*Supplied material*.
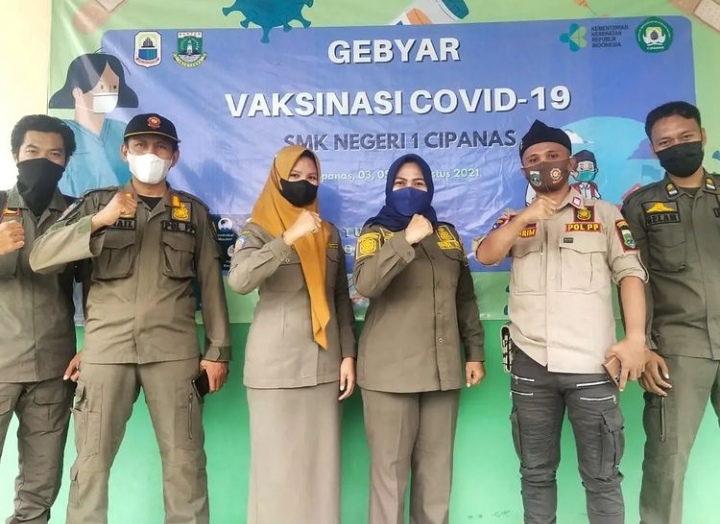 Percepatan Vaksinasi Covid-19 bagi Pelajar di Kabupaten Lebak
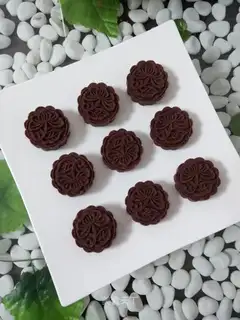 Red bean cake
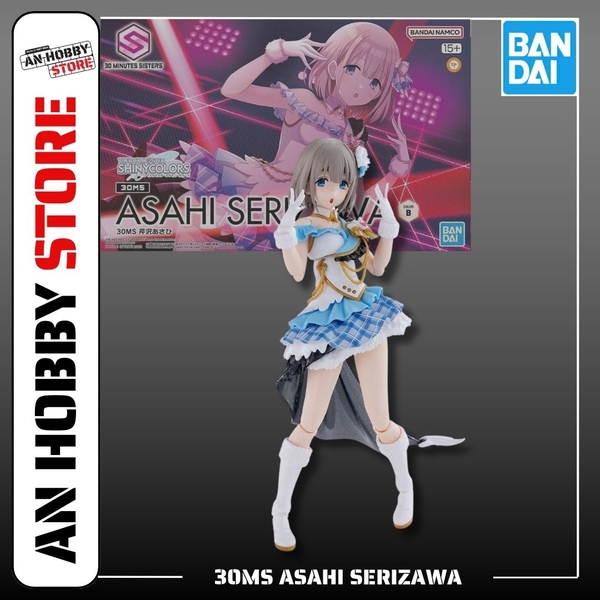 [HÀNG SẴN] BANDAI MÔ HÌNH LẮP RÁP 30MS ASAHI SERIZAWA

*Task directions*.
Restate the data word for word without pictures.

*Response to this task*.
 Percepatan Vaksinasi Covid-19 bagi Pelajar di Kabupaten Lebak
 Red bean cake
 [HÀNG SẴN] BANDAI MÔ HÌNH LẮP RÁP 30MS ASAHI SERIZAWA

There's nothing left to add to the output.